US payrolls overall are still rising at a moderate rate at best, but the fact that the growth remains consistent is a clue for expecting that the economy will continue growing and avoid the worst fears of the pessimists. Is there anyone still warning that we’re in a recession, or that the risk of a downturn in the business cycle is imminent? Yes, but confidence in the forecasts of analysts in the perma-recession camp comes with quite a lot of baggage these days, namely, a lengthy history of being wrong over the last few years.
But the possibility of redemption is front and center, assuming one can modify behavior. The lesson, once again, is that tracking a broad, diversified spectrum of economic numbers provides a useful antidote to the emotion-driven noise that too often passes for analysis in macro matters via the usual media channels. Recessions may be inevitable, but you need more than a handful of shaky data sets to make a compelling argument that a new downturn is a high-probability event in the here and now.
The good news is that business cycle risk continues to look low (see here and here, for instance). The news that the economy is holding up is a shock for those who prefer drama to clear-eyed econometric analysis. Even so, nothing’s perfect. Everything could change tomorrow, a risk factor that no one can ever dismiss.

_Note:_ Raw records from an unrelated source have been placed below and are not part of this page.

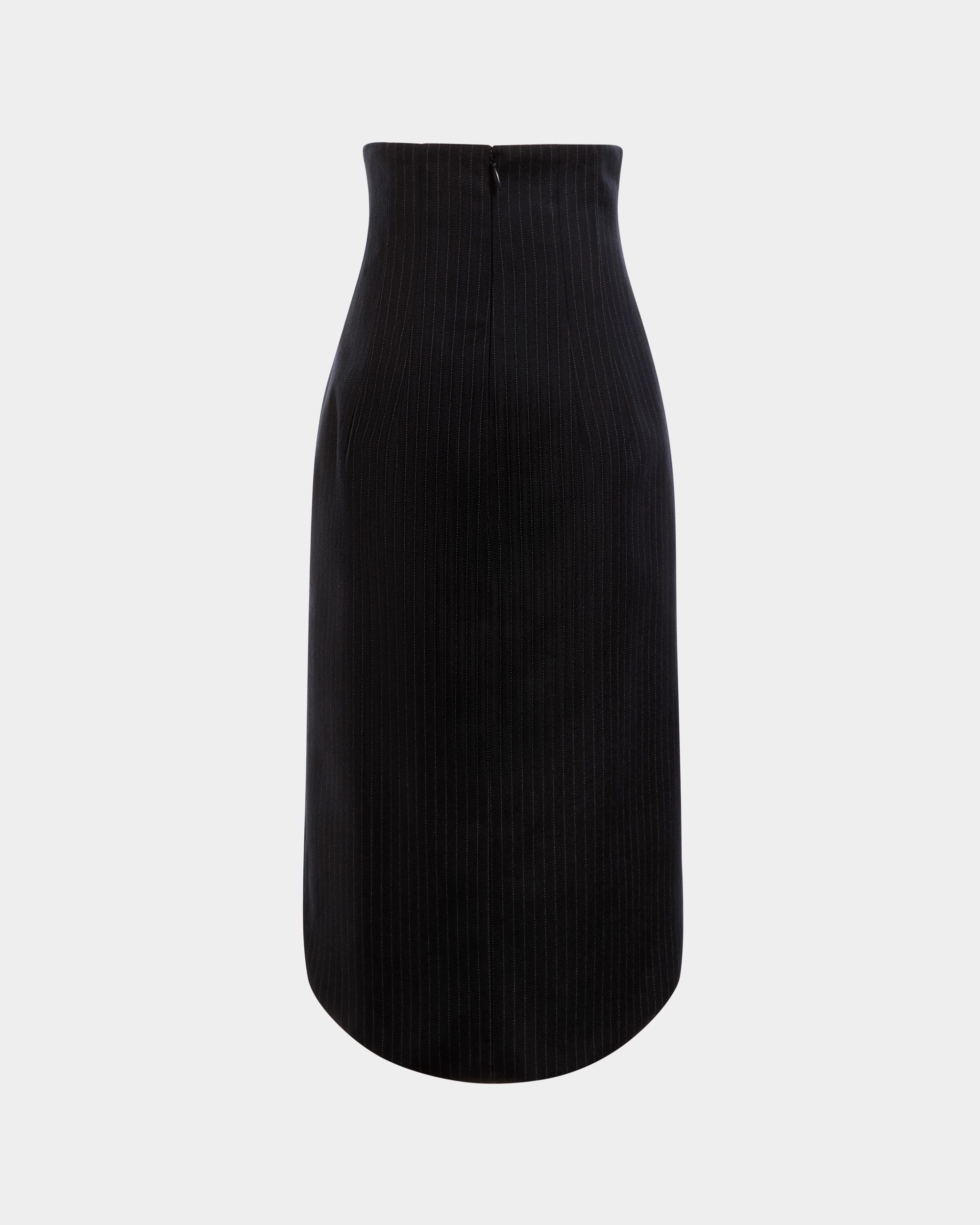 Midi Skirt in Navy Blue Wool - Women's - Bally - 03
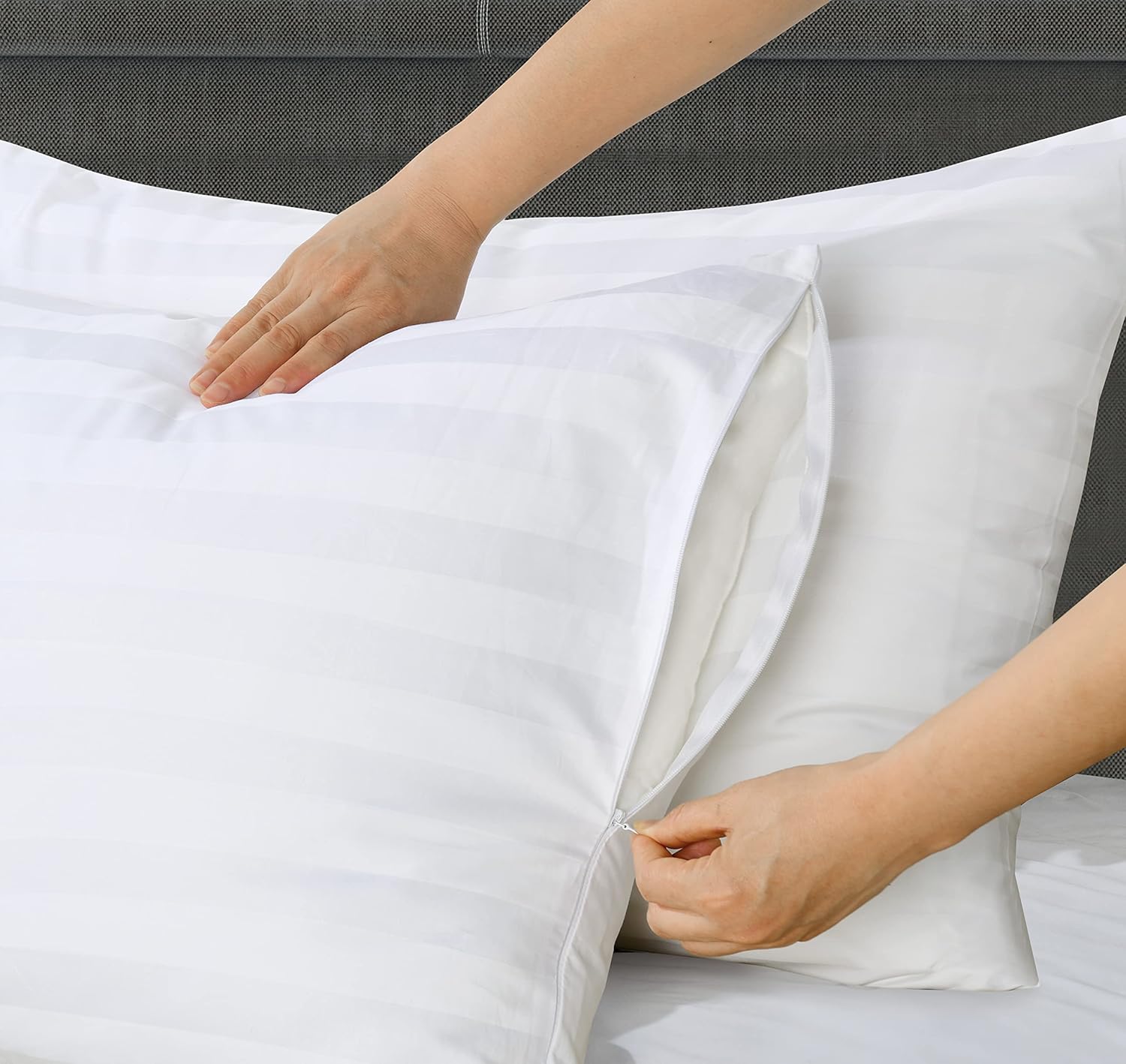 ShunjieHome Pillow Protector Standard Size 100% Egyptian Cotton Pillow Covers, 400 Thread Count Sateen Weave Cooling Pillow Cases with Zipp…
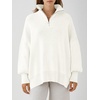 image:imageANRABESS Womens Oversized Fashion Long Sleeve Quarter Zip Baggy Loose Slouchy Sweater Pullover Tops 2026 Fall OutfitsWhite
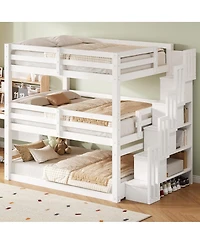 Streamdale Furniture Full Size Triple Bunk Bed with Storage Staircase, Separate Design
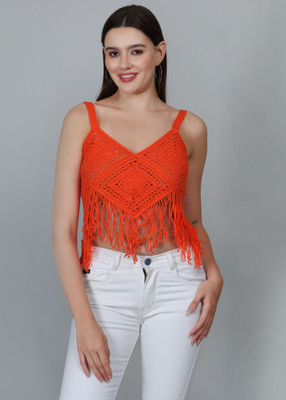 Fabme Beach Wear Self Design Women Orange Top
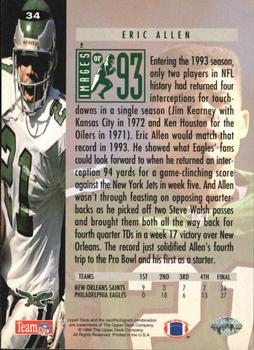 1994 Collector's Choice - Silver #34 Eric Allen Back
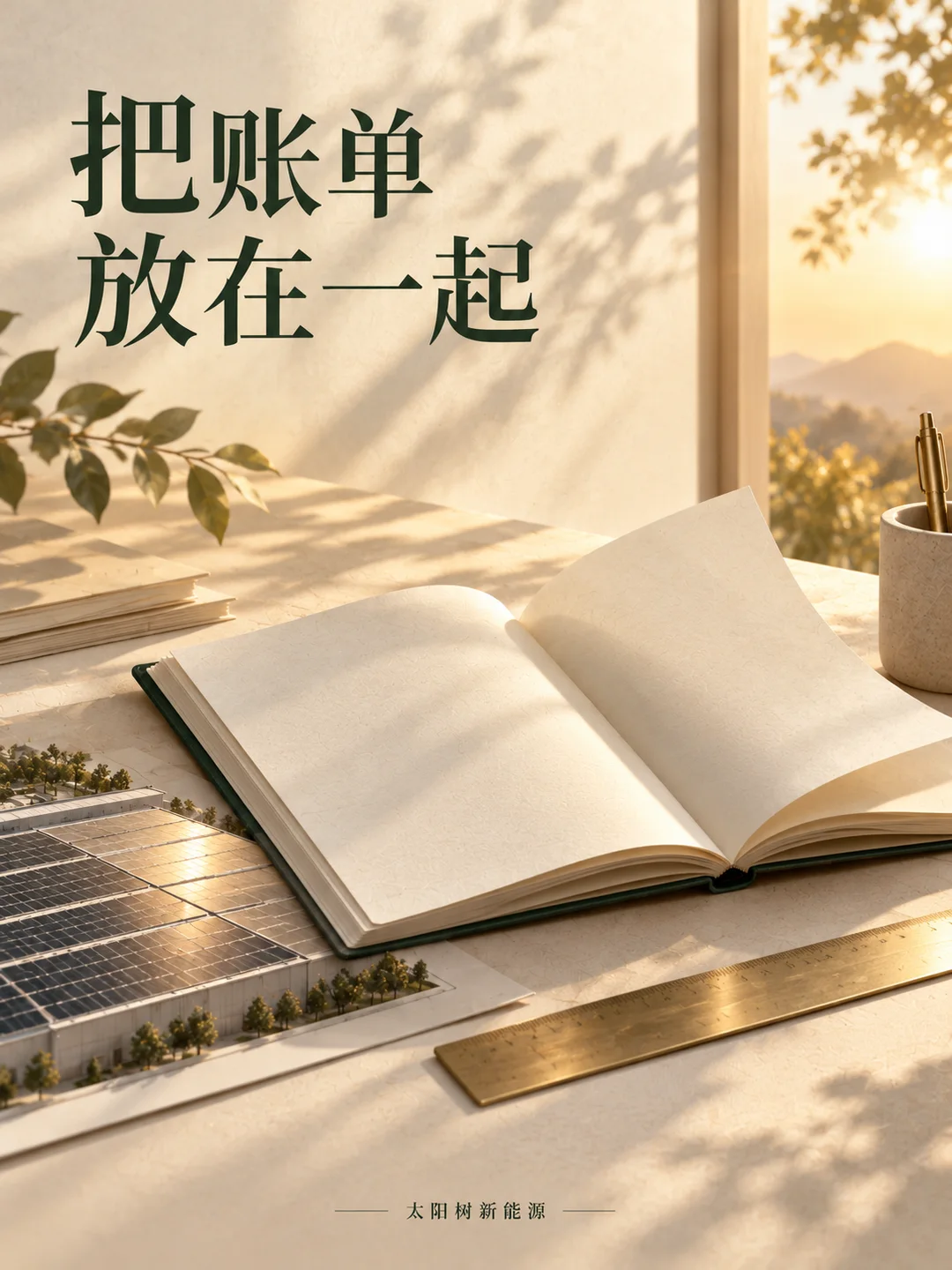 把账单放在一起，AI概念配图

It’s okay to speculate about what may be lurking around the corner. If you do so prudently, forecasting can be quite valuable in fact. The mistake is looking at predictions in a vacuum and ignoring the published numbers in hand. For reasons that we’ll leave to psychologists to explain, there’s quite a lot of this behavior in business cycle analysis, i.e., a preference for looking ahead without looking at what we know today. For those who can’t see the folly of this bias, it’s a safe assumption at this late date that they’ll never see the light.